De acordo com Viterbo, que dedicou especial atenção à seção do relatório relacionada à prisão preventiva de Martins, existem inconsistências que comprometem parte das conclusões apresentadas pela Polícia Federal. Um dos pontos destacados é a afirmação de que Filipe Martins teria "forjado" sua saída do Brasil no final de 2022 com o objetivo de dificultar sua localização e, consequentemente, a aplicação da lei penal. Para justificar essa alegação, o relatório se baseia em um registro do Departamento de Segurança Interna dos Estados Unidos (DHS), que indicava a entrada de Martins em Orlando, no estado da Flórida, no dia 30 de dezembro de 2022.
O problema levantado por Viterbo é que, à época do suposto ato de fuga, Filipe Martins não era alvo de investigação formal. Isso, segundo ele, torna questionável a ideia de que sua saída do país foi planejada para evitar a justiça, já que nenhuma medida judicial ou policial havia sido tomada contra ele naquele momento. Além disso, o historiador enfatiza que não há evidências concretas no relatório que sustentem a acusação de que Martins teria deliberadamente forjado a saída. O que existe, aponta Viterbo, é uma alegação baseada exclusivamente na interpretação da Polícia Federal.
Outro elemento crítico apontado é que a informação sobre a entrada de Filipe Martins nos Estados Unidos, usada pela Polícia Federal como prova no relatório, havia sido corrigida pelo próprio DHS antes da entrega do documento. O Departamento de Segurança Interna norte-americano atualizou seus registros e confirmou que a última entrada de Filipe Martins nos Estados Unidos ocorreu em setembro de 2022, e não em dezembro, como consta no relatório da PF. Essa discrepância não foi mencionada no relatório final, o que, segundo Viterbo, compromete a credibilidade das investigações e levanta dúvidas sobre a verificação dos dados utilizados como base para as conclusões.
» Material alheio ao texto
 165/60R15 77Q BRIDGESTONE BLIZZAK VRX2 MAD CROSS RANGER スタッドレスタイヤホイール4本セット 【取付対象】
Enio Viterbo também destacou que esse tipo de erro não pode ser tratado como algo trivial, especialmente em um caso de grande relevância como este, que envolve suspeitas de uma trama golpista e uma série de implicações políticas e jurídicas. Segundo ele, a discrepância nos registros e a ausência de provas concretas reforçam a necessidade de uma análise crítica do relatório, evitando que acusações sejam feitas sem o devido respaldo em evidências.
O caso Filipe Martins ganhou notoriedade por seu envolvimento com figuras políticas de destaque e por seu papel em articulações que, segundo as investigações, teriam como objetivo desestabilizar o governo. No entanto, as controvérsias em torno do relatório da Polícia Federal revelam que há fragilidades na condução do processo, o que pode impactar o desfecho do caso.
Para Viterbo, o episódio ilustra a importância de uma atuação criteriosa e transparente das instituições responsáveis por investigar crimes complexos. Ele sugere que a divulgação de informações inconsistentes, como no caso do registro de entrada nos Estados Unidos, pode gerar desconfiança não apenas no público, mas também entre os agentes do sistema de justiça. O historiador defende que qualquer acusação deve ser fundamentada em provas sólidas e que eventuais erros ou omissões sejam prontamente corrigidos para garantir a legitimidade do processo.
Além disso, Viterbo propõe que o relatório seja lido com atenção pelos interessados em entender o caso, ressaltando que, embora extenso, ele contém elementos que permitem uma análise detalhada das estratégias e conclusões da Polícia Federal. Ele acredita que o debate público sobre o relatório pode contribuir para fortalecer os mecanismos de controle e fiscalização das investigações, evitando que erros como esse se repitam em situações futuras.
O caso Filipe Martins, portanto, não apenas revela os desafios de lidar com investigações de alta complexidade, mas também reforça a necessidade de rigor técnico e ético na produção de relatórios oficiais. Para muitos, as conclusões da Polícia Federal devem ser vistas com cautela, especialmente quando baseadas em informações que, como apontado por Viterbo, podem não refletir a realidade dos fatos.